多型の検出法(解析法)は特に限定されるものではなく例えばアレル特異的プライマー(及びプローブ)を用い、PCR法による増幅、及び増幅産物の多型を蛍光又は発光によって検出する方法や、PCR(polymerase chain reaction)法を利用したPCR-RFLP(restriction fragment length polymorphism:制限酵素断片長多型)法、PCR-SSCP(single strand conformation polymorphism:単鎖高次構造多型)法(Orita,M. et al., Proc. Natl. Acad. Sci., U.S.A., 86, 2766-2770(1989)等)、PCR-SSO(specific sequence oligonucleotide:特異的配列オリゴヌクレオチド)法、PCR-SSO法とドットハイブリダイゼーション法を組み合わせたASO(allele specific oligonucleotide:アレル特異的オリゴヌクレオチド)ハイブリダイゼーション法(Saiki, Nature, 324, 163-166(1986)等)、TaqMan(登録商標、Roche Molecular Systems社)-PCR法(Livak, KJ, Genet Anal,14,143(1999),Morris, T. et al., J. Clin. Microbiol.,34,2933(1996))、Invader(登録商標、Third Wave Technologies社)法(Lyamichev V et al., Nat Biotechnol,17,292(1999))、FRET(Fluorescence Resonance Energy Transfer)を利用した方法(Heller, Academic Press Inc, pp. 245-256(1985)、Cardullo et al., Proc. Natl. Acad. Sci. USA, 85, 8790-8794(1988)、国際公開第99/28500号パンフレット、特開2004-121232号公報など)、ASP-PCR(Allele Specific Primer-PCR)法(国際公開第01/042498号公報など)、プライマー伸長法を用いたMALDI-TOF/MS(matrix)法(Haff LA, Smirnov IP, Genome Res 7,378(1997))、RCA(rolling cycle amplification)法(Lizardi PM et al., Nat Genet 19,225(1998))、DNAチップ又はマイクロアレイを用いた方法(Wang DG et al., Science 280,1077(1998)等)、プライマー伸長法、サザンブロットハイブリダイゼーション法、ドットハイブリダイゼーション法(Southern,E., J. Mol. Biol. 98, 503-517(1975))等、公知の方法を採用できる。さらに、検出対象の多型部分を直接シークエンスすることにしてもよい。尚、これらの方法を任意に組み合わせて多型を検出してもよい。また、PCR法又はPCR法を応用した方法などの核酸増幅法により核酸試料を予め増幅(核酸試料の一部領域の増幅を含む)した後、上記いずれかの検出方法を適用することもできる。

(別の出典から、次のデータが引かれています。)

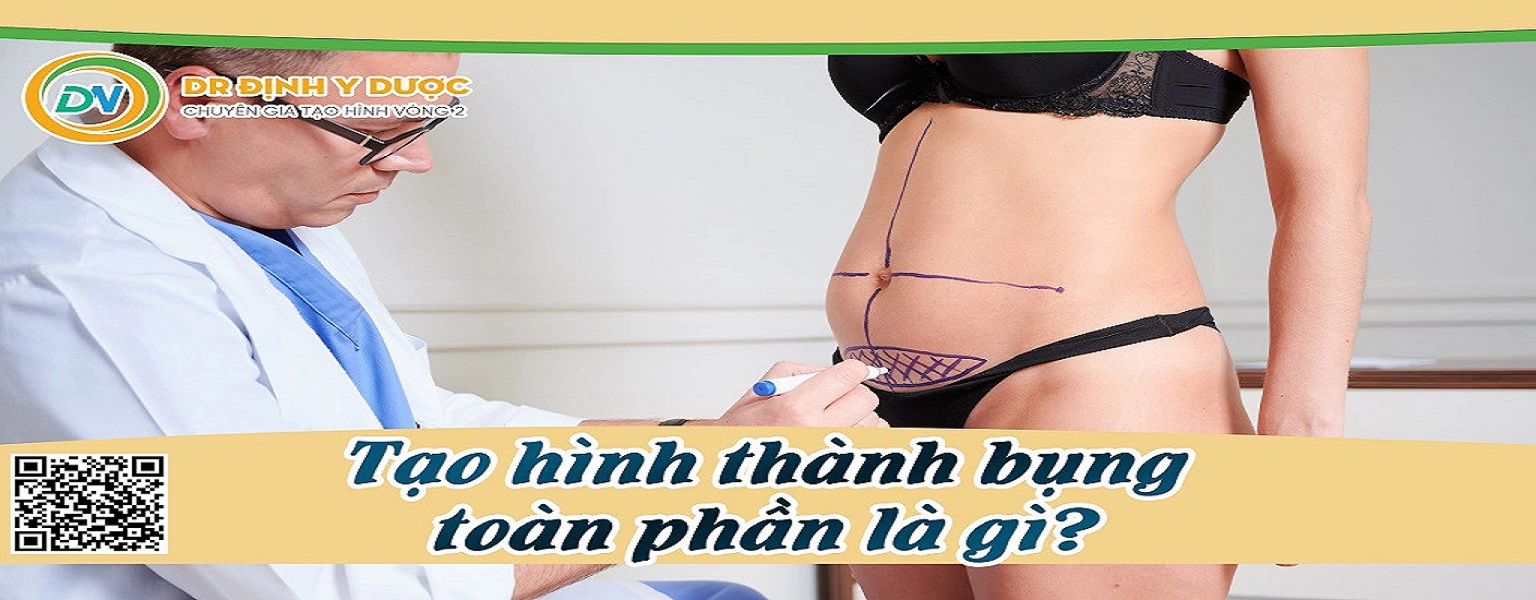 Tạo hình thành bụng toàn thể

多数の核酸検体を検出する場合にはアレル特異的PCR法、アレル特異的ハイブリダイゼーション法、TaqMan-PCR法、Invader法、FRETを利用した方法、ASP-PCR法、プライマー伸長法を用いたMALDI-TOF/MS(matrix)法、RCA(rolling cycle amplification)法、又はDNAチップ又はマイクロアレイを用いた方法等、多数の検体を比較的短時間で検出可能な検出法を用いることが特に好ましい。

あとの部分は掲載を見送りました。